------ Exercise inputs ------
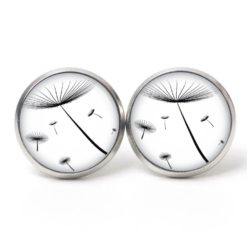 Ohrstecker, Ohrhänger, Clipse & Druckknopf – Motiv zarte Pusteblume weiß – Schmuck aus Edelstahl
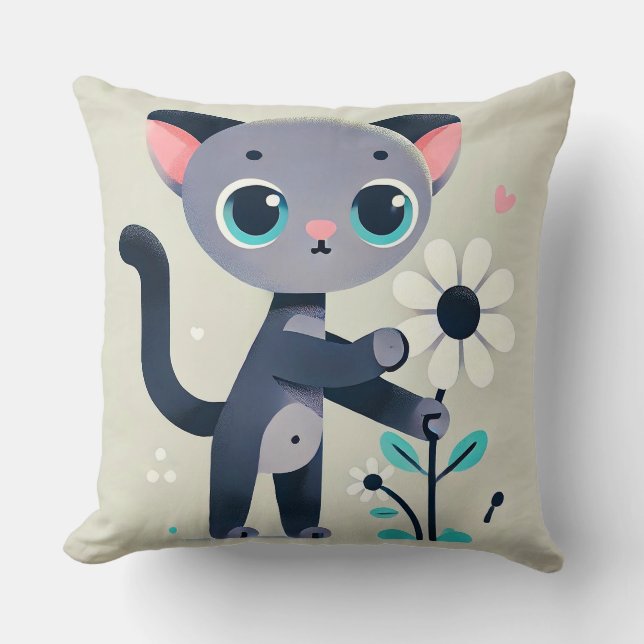 Adorable Cartoon Kitten Holding a Flower, Throw Pillow (Front)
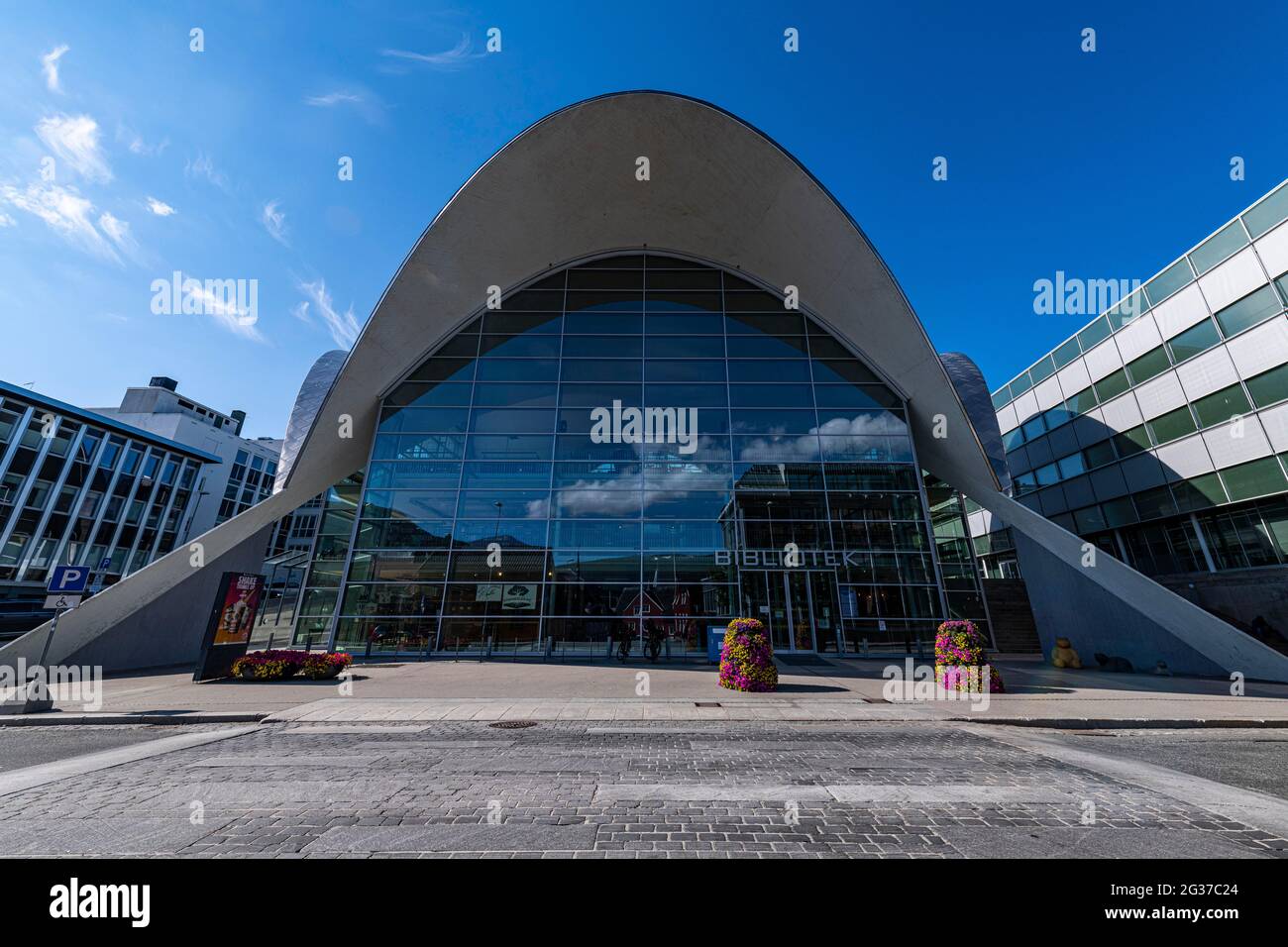 The futuristic library of Tromso, Norway Stock Photo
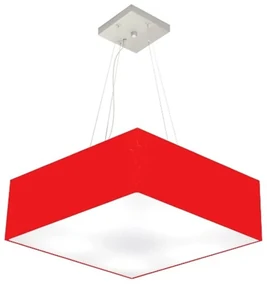 Lustre Pendente Quadrado Vermelho MJ-4137 Para Mesa de Jantar e Estar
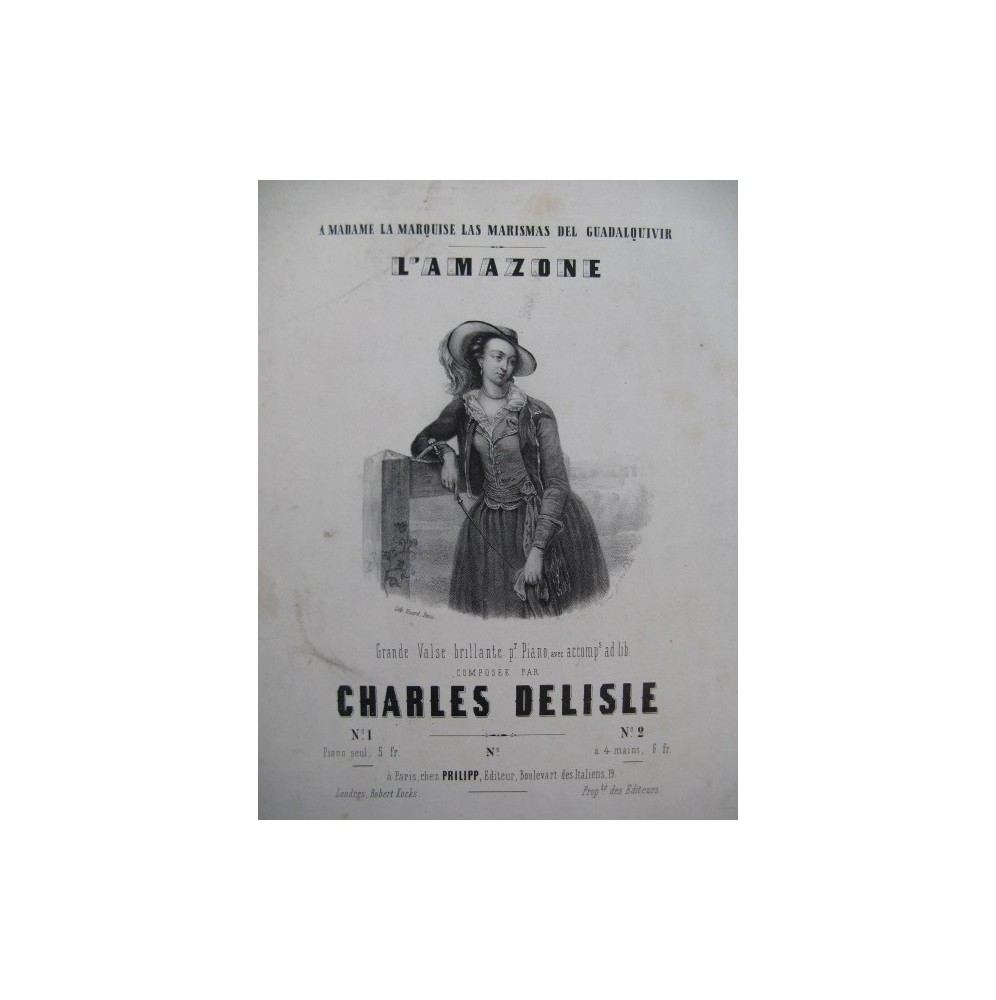 DELISLE Charles L'Amazone Piano ca1845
------
— Instructions for the task —
Would you return the entries verbatim, minus any images?

— Exercise response —
 Ohrstecker, Ohrhänger, Clipse & Druckknopf – Motiv zarte Pusteblume weiß – Schmuck aus Edelstahl
 Adorable Cartoon Kitten Holding a Flower, Throw Pillow (Front)
 The futuristic library of Tromso, Norway Stock Photo
 Lustre Pendente Quadrado Vermelho MJ-4137 Para Mesa de Jantar e Estar
 DELISLE Charles L'Amazone Piano ca1845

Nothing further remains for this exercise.